In one, former UBS AG equities trader Laura Zubulake won a $29 million award in a federal gender discrimination suit in which she had requested that the bank turn over all internal communications about her.  The bank produced 350 pages of documents, but Zubulake knew there were more — she had retained some herself.

The case set several precedents about how e-discovery ought to proceed and who should pay for it.  In one key ruling, the judge slapped UBS for failing to recognize that the missing e-mails likely would end up being relevant to future litigation.

Later, financier Ron Perelman won $1.6 billion from Morgan Stanley & Co. after a judge said the firm had failed to turn over e-mails and other digital evidence in a lawsuit stemming from its role in the 1998 sale of Perelman's Coleman camping gear company to Sunbeam Corp.

The case is being appealed, but still proving instructive.  "In litigation today, if e-discovery is done wrong, it can have huge implications," said Jonathan Redgrave, a partner at Redgrave Daley Ragan & Wagner LLP who specializes in electronic document issues.

In addition to these cases and laws such as Sarbanes-Oxley that tighten record-retention requirements, new changes in rules of civil procedure set strict standards for what companies should do with their files the moment they are sued.

"Some of those standards are fairly onerous even to sophisticated, highly litigious businesses," said Gerald Massey, head of Fios.

Complicating matters, other rules — including European data-privacy laws and the new Fair and Accurate Credit Transactions Act — require companies to go in the opposite direction and dispose of certain kinds of records.

Much of what e-discovery companies do is similar — but offered under different names or pricing schemes.

Generally, a vendor gets raw material from corporate computers and backup tapes, then dives in — with specialized software rather than humans — to remove duplicate files or records that have no bearing on a case, while zeroing in on those that might. Later the vendors can be asked to testify how the searches were conducted.

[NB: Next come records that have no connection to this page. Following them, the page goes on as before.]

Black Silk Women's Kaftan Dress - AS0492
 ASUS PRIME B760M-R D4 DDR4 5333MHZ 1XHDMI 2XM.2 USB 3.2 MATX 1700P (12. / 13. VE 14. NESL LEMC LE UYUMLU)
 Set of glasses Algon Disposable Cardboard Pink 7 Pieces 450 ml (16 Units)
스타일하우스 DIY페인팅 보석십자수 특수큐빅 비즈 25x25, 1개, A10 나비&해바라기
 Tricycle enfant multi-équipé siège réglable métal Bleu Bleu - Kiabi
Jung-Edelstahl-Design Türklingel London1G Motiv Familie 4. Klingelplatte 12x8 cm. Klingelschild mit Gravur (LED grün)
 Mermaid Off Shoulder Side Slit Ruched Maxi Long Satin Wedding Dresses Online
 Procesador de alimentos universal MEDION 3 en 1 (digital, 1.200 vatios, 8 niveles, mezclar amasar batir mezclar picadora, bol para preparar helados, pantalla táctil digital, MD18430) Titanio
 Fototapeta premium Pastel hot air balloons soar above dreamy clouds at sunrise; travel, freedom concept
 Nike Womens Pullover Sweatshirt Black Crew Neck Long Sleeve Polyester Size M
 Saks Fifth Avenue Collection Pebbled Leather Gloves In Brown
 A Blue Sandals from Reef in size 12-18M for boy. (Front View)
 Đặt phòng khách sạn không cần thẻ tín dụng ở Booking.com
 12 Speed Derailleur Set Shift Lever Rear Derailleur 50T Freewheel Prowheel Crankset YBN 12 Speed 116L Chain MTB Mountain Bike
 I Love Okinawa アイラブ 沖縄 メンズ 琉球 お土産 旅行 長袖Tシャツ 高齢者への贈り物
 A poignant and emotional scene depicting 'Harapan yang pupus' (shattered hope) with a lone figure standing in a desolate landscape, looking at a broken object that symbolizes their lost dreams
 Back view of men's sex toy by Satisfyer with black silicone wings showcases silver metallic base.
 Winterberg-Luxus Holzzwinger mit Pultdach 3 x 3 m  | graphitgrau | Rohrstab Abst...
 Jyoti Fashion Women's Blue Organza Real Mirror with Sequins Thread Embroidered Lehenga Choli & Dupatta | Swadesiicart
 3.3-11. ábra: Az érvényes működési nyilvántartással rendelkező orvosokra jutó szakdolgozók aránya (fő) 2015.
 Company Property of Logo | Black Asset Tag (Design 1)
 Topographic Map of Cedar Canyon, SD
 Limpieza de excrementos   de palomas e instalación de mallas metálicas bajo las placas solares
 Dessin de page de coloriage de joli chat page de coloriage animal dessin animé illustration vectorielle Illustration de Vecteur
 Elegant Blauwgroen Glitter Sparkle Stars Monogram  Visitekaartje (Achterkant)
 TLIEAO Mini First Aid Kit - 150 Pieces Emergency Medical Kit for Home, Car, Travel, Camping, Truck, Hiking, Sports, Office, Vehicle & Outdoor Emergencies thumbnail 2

Sometimes the findings are virtual smoking guns, like the infamous e-mail in which investment banker Frank Quattrone endorsed a recommendation that colleagues destroy files.

Other times evidence comes not from what's in a file, but from its "metadata" — the automatically applied labels that explain such things as when a file was made, reviewed, changed or transferred.

From there, even the end product comes in digital form.  The evidence found by electronic discovery firms can be put on secure Web sites for legal teams to pore over, mark up and redact if necessary.

This kind of service often runs well into six figures, but there will be pressure to bring that down as cost-conscious companies replace law firms as the direct clients.  And that figures to change the sprawling field.